▶ Supplied material:
◆ ◆ ◆ ◆ ◆
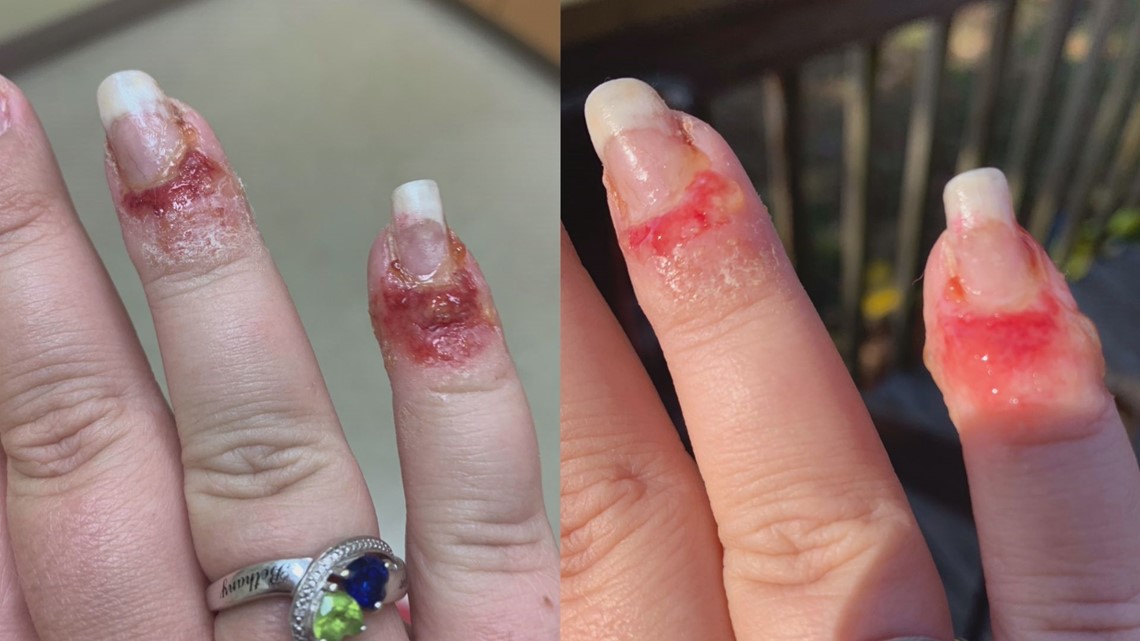 Woman Claims Trip to Nail Salon Left Her With a Fungal Infection |  
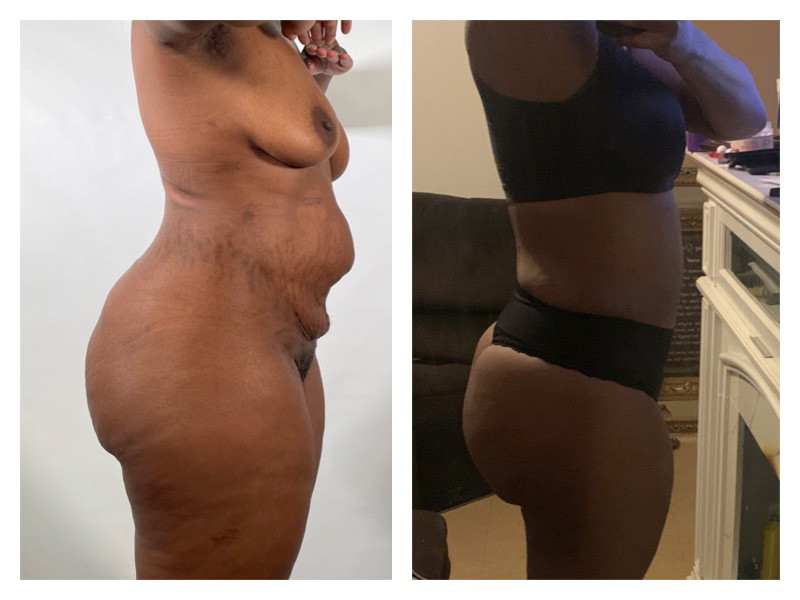 Liposuction Before & After Gallery - Patient 175515122 - Image 1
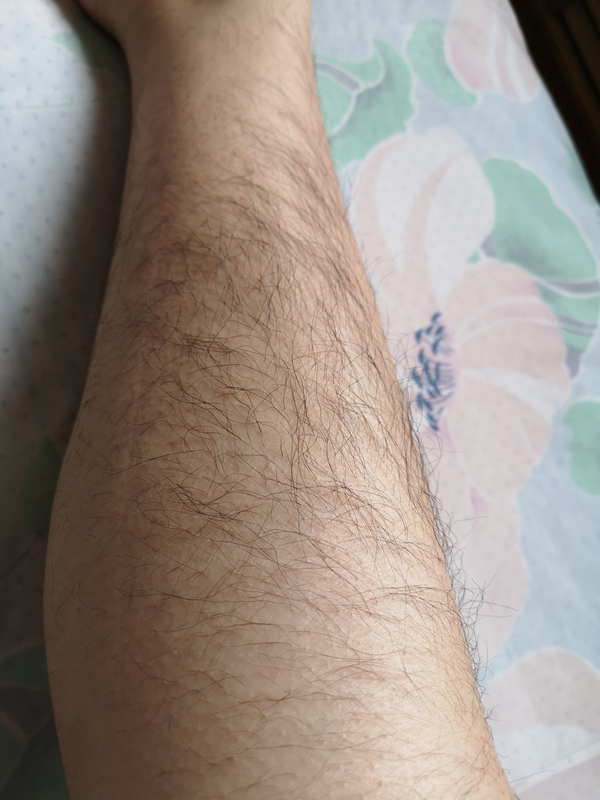 女生汗毛多怎么办?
◆ ◆ ◆ ◆ ◆
▶ Brief: Would it be possible to reproduce the material word for word, images omitted?

▶ Result of this exercise:
 Woman Claims Trip to Nail Salon Left Her With a Fungal Infection |  
 Liposuction Before & After Gallery - Patient 175515122 - Image 1
 女生汗毛多怎么办?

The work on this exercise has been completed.